» DIRECTIONS FOR THIS TASK
Set down all of the data that follows, keeping every character.

(Brief descriptive captions)
□ □ □ □ □

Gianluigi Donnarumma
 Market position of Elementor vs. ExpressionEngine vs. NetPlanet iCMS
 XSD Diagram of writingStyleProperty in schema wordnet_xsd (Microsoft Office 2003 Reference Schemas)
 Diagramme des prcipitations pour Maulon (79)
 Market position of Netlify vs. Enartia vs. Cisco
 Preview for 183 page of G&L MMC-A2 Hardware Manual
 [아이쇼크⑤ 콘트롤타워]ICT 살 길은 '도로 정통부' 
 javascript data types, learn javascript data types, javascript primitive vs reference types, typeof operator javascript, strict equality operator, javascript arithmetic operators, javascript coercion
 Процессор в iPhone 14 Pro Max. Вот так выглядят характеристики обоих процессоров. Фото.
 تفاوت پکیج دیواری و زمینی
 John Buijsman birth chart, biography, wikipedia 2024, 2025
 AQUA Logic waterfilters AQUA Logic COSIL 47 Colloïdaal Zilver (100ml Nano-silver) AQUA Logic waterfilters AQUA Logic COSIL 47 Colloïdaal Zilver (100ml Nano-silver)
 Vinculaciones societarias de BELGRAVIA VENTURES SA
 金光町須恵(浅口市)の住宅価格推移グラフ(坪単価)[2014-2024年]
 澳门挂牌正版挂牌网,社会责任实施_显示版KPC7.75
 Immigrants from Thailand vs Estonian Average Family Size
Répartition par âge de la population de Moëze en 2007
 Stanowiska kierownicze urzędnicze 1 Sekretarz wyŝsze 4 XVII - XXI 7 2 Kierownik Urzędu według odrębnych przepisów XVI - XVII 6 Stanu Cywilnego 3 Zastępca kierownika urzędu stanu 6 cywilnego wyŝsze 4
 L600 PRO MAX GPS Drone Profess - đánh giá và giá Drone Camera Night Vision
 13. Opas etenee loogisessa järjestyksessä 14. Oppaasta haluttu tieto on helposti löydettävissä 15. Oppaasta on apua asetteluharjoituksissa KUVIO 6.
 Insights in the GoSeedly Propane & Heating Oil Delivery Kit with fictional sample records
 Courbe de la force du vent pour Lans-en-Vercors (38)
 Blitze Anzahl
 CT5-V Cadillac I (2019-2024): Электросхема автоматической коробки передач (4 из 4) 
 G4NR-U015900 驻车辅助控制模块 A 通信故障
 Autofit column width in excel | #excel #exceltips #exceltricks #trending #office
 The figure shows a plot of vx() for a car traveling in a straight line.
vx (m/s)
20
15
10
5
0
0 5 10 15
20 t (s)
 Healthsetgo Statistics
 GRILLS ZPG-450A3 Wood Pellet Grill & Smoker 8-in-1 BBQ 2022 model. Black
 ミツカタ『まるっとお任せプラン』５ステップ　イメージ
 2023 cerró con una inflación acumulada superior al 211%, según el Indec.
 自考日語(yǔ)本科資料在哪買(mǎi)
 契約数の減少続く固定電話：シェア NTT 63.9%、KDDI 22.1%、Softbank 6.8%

□ □ □ □ □

» TASK ANSWER
Gianluigi Donnarumma
 Market position of Elementor vs. ExpressionEngine vs. NetPlanet iCMS
 XSD Diagram of writingStyleProperty in schema wordnet_xsd (Microsoft Office 2003 Reference Schemas)
 Diagramme des prcipitations pour Maulon (79)
 Market position of Netlify vs. Enartia vs. Cisco
 Preview for 183 page of G&L MMC-A2 Hardware Manual
 [아이쇼크⑤ 콘트롤타워]ICT 살 길은 '도로 정통부' 
 javascript data types, learn javascript data types, javascript primitive vs reference types, typeof operator javascript, strict equality operator, javascript arithmetic operators, javascript coercion
 Процессор в iPhone 14 Pro Max. Вот так выглядят характеристики обоих процессоров. Фото.
 تفاوت پکیج دیواری و زمینی
 John Buijsman birth chart, biography, wikipedia 2024, 2025
 AQUA Logic waterfilters AQUA Logic COSIL 47 Colloïdaal Zilver (100ml Nano-silver) AQUA Logic waterfilters AQUA Logic COSIL 47 Colloïdaal Zilver (100ml Nano-silver)
 Vinculaciones societarias de BELGRAVIA VENTURES SA
 金光町須恵(浅口市)の住宅価格推移グラフ(坪単価)[2014-2024年]
 澳门挂牌正版挂牌网,社会责任实施_显示版KPC7.75
 Immigrants from Thailand vs Estonian Average Family Size
Répartition par âge de la population de Moëze en 2007
 Stanowiska kierownicze urzędnicze 1 Sekretarz wyŝsze 4 XVII - XXI 7 2 Kierownik Urzędu według odrębnych przepisów XVI - XVII 6 Stanu Cywilnego 3 Zastępca kierownika urzędu stanu 6 cywilnego wyŝsze 4
 L600 PRO MAX GPS Drone Profess - đánh giá và giá Drone Camera Night Vision
 13. Opas etenee loogisessa järjestyksessä 14. Oppaasta haluttu tieto on helposti löydettävissä 15. Oppaasta on apua asetteluharjoituksissa KUVIO 6.
 Insights in the GoSeedly Propane & Heating Oil Delivery Kit with fictional sample records
 Courbe de la force du vent pour Lans-en-Vercors (38)
 Blitze Anzahl
 CT5-V Cadillac I (2019-2024): Электросхема автоматической коробки передач (4 из 4) 
 G4NR-U015900 驻车辅助控制模块 A 通信故障
 Autofit column width in excel | #excel #exceltips #exceltricks #trending #office
 The figure shows a plot of vx() for a car traveling in a straight line.
vx (m/s)
20
15
10
5
0
0 5 10 15
20 t (s)
 Healthsetgo Statistics
 GRILLS ZPG-450A3 Wood Pellet Grill & Smoker 8-in-1 BBQ 2022 model. Black
 ミツカタ『まるっとお任せプラン』５ステップ　イメージ
 2023 cerró con una inflación acumulada superior al 211%, según el Indec.
 自考日語(yǔ)本科資料在哪買(mǎi)
 契約数の減少続く固定電話：シェア NTT 63.9%、KDDI 22.1%、Softbank 6.8%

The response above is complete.